尾崎亜美「フォー・ユー」

コピーライターとして、
いつかは超えたい広告がいっぱいある。

なかでも仲畑貴志さんが
1980年に手がけた
丸井の広告はその筆頭だ。
僕はこの作品が最高賞を受賞したときの広告年鑑を、
いつも手元においている。

「好きだから、あげる。

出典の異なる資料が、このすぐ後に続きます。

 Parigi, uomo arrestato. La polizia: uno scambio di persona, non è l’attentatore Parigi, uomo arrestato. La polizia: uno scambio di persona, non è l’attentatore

」というキャッチコピーがつけられた
この広告
CMソング『フォー・ユー』を歌っていたのが、尾崎亜美である。


尾崎亜美を知ったのは、小学校
6年生のときである。
資生堂の
CMソング『マイ・ピュア・レディ』を聴いて、
興味をもつようになった。

以来、彼女が世に送り出した名曲は数え切れない。
尾崎亜美の歴史は、
そのまま日本の音楽史といっても過言ではないと思う。

ファーストアルバムをプロデュースしたのが松任谷正隆ということもあり、
尾崎亜美はポスト・ユーミンの最右翼と目されていたという。
しかし、僕はユーミンよりも尾崎亜美のほうがダンゼン大好きである。
日本が誇る、最高の女性ソングライターだと思う。

尾崎亜美のなにがよいかといえば、
やはりその類まれなるポップセンスであろう。
前述の『フォー・ユー』

尾崎亜美の、あるいは杏里の代表曲といえる『オリビアを聴きながら』などの
バラードチックな曲もそれはそれで魅力的ではあるのだが、
僕は岩崎良美に提供した『ごめんね
Darling』のようなアップテンポの曲のほうがいい。

岩崎良美は松田聖子や田原俊彦らと同期デビューだが、
僕はデビュー当時から彼女の歌が大好きだった。
いわゆるアイドルとしてではなく、
シンガーとしてファンだったのである。

シングルも数枚持っていた。

去年
1224日に行われた
エンケンのディナーライブの前売り券を購入しに行った当日、
会場の南青山
MANDALAに出演していたのは岩崎良美だった。
おー!彼女はまだシンガーとして活動しているんだと思ったら、
とてもうれしかった。

前売り券を購入する際、リハーサル中の歌声が聞こえてきた。
スローテンポなアレンジで『上を向いて歩こう』を歌っていた。
それは、深みのある大人の歌声であった。

宣伝になってしまうが、
この南青山
MANDALAは実にいいライブハウスである。
雰囲気も落ち着いていて、
まさに大人が楽しめるライブハウスなのだ。

僕が
10代の頃から聴いていたアーティストも数多く出演している。
山本達彦もその1人で、僕はいつか行こう行こうと思いながら、
まだ実現には至っていない。
ぜひ、実現したい楽しみなことのひとつである。

尾崎亜美は1997年に
サディスティック・ミカ・バンドのベーシスト小原礼と結婚し、
昨年はデビュー
30周年を迎えた。

ミュージシャンとしても、ひとりの女性としても、
もう大ベテランの域である。
しかし、僕のなかでの尾崎亜美は永遠のポップス少女のイメージがある。
ぜひ、また素敵なポップスを次々と生み出してほしい。


もちろん僕も負けてはいられない。
僕も、人々の心に届く広告を次々とつくり出すつもりだ。